CS575 Analysis Warm Up Exercise
                       ===============================

This exercise requires you to understand analysis of algorithms using
recurrence relations. Background can be found in, amongst others,
 
   T. H. Cormen, C. E. Leiserson and R. L. Rivest,
   Introduction to Algorithms, MIT Press, 1990


In this exercise you are to analyse the time complexity of a recursive
approach to multiplying n-digit numbers. Usually we think of
multiplication as a one time step operation, but imagine here that 
very large numbers are made up of lists of words containing "digits" 
of some radix R. For the sake of simplicity take R to be 10.

Let us count the number of digit digit multiplications.
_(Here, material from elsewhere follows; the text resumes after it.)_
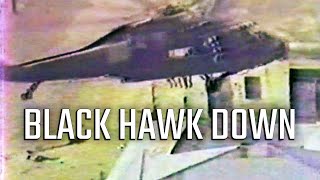 Black Hawk Down - Battle of Mogadishu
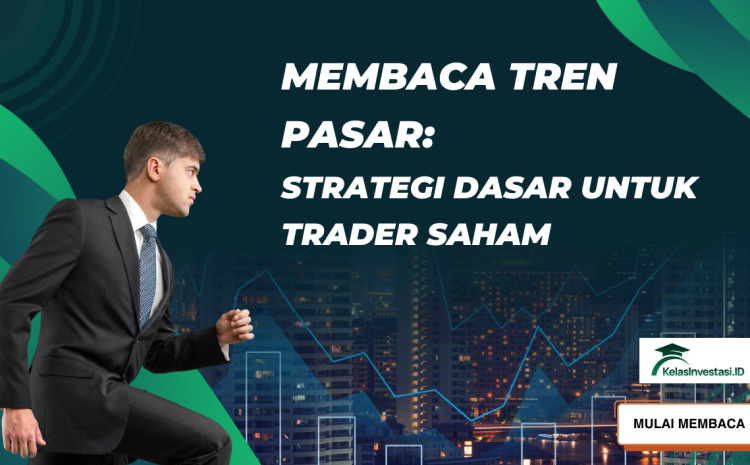  Membaca Tren Pasar: Strategi Dasar untuk Trader Saham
Multiplying e.g.
 
                    1 2 3 4
                    5 6 7 8
                   --------  *

requires four multiplications of a digit times a four digit number. This 
suggests that multiplication requires O(n ** 2) digit digit multiplications.
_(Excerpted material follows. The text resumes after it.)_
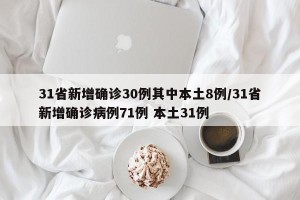 31省新增确诊30例其中本土8例/31省新增确诊病例71例 本土31例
Now consider this recursive approach:

  Split the numbers in two n/2 digit numbers. In the example:
  
       1234 = 12*100 + 34

  Use the following observation:

       G =  G1 * Rhalf + G2      
       H =  H1 * Rhalf + H2

       G*H = G1*H1*Rfull + (G1*H2+G2*H1)*Rhalf + G2*H2  

       where Rhalf = R ** (n/2), Rfull = R ** n, and R is the digit
       radix

       G1*H2 + G2*H1 = (G1+G2)*(H1+H2) - G1*H1 - G2*H2

  So we need only three multiplications of n/2 digit numbers to compute
  the product of two n digit numbers plus a number of adds and subtracts.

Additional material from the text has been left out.